Extrême droite aux Pays-Bas : l'original triomphe toujours de la copie
La liste s’allonge. Geert Wilders n’a ni la flamboyance ni la tronçonneuse du nouveau président argentin, Javier Milei, mais sa victoire aux élections législatives néerlandaises, mercredi 22 novembre, n’en marque pas moins une étape importante dans la progression des partis d’extrême droite, nationalistes, populistes ou antisystème en Europe.
Le Parti pour la liberté (PVV) emmené par M. Wilders a remporté 37 des 150 sièges du Parlement des Pays-Bas. Il est donc loin de pouvoir former un gouvernement ; il va lui falloir trouver des partenaires de coalition. Son arrivée en tête, cependant, mettant fin à treize ans de régime de centre-droit sous le leadership du premier ministre Mark Rutte, constitue un avertissement sérieux pour toutes les démocraties qui voient prospérer ces dernières années les partis populistes et décliner les partis traditionnels. Des partis nationaux-conservateurs ou d’extrême droite sont déjà au pouvoir, seuls ou en coalition, en Italie, en Suède, en Hongrie, en Slovaquie ; ils montent dans les sondages en Allemagne, en Autriche, en République tchèque, en Belgique… et en France.

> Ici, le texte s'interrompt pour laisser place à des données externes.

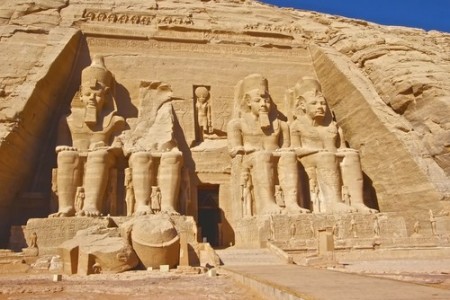 Templo de Abu Simbel. Foto: Sphinx Wang / Shutterstock.com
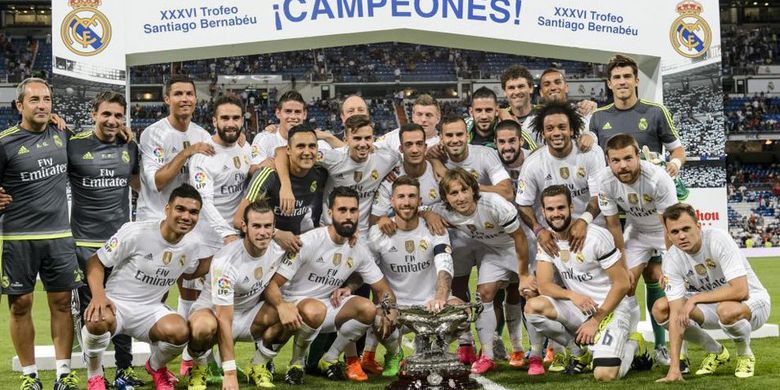 Para pemain Real Madrid berpose dengan Santiago Bernabeu Trophy.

Cette progression n’est ni inexorable ni linéaire. Les scrutins de juillet en Espagne et d’octobre en Pologne ont montré que les électeurs savent faire la différence lorsqu’ils ont un choix. Là se trouve précisément le piège : affolés par la montée de l’extrême droite, certains partis de centre-droit succombent à la tentation d’adopter ses thèmes. Or, comme viennent encore de le prouver les élections aux Pays-Bas, les électeurs préfèrent généralement l’original à la copie. Ainsi, Dilan Yesilgöz, la ministre de la justice néerlandaise qui a succédé à Mark Rutte à la tête du parti libéral VVD, a cru bon de se positionner plus à droite que le premier ministre sortant et de laisser l’immigration dominer le débat électoral. La sanction est tombée : le VVD a perdu 10 sièges, passant de 34 à 24.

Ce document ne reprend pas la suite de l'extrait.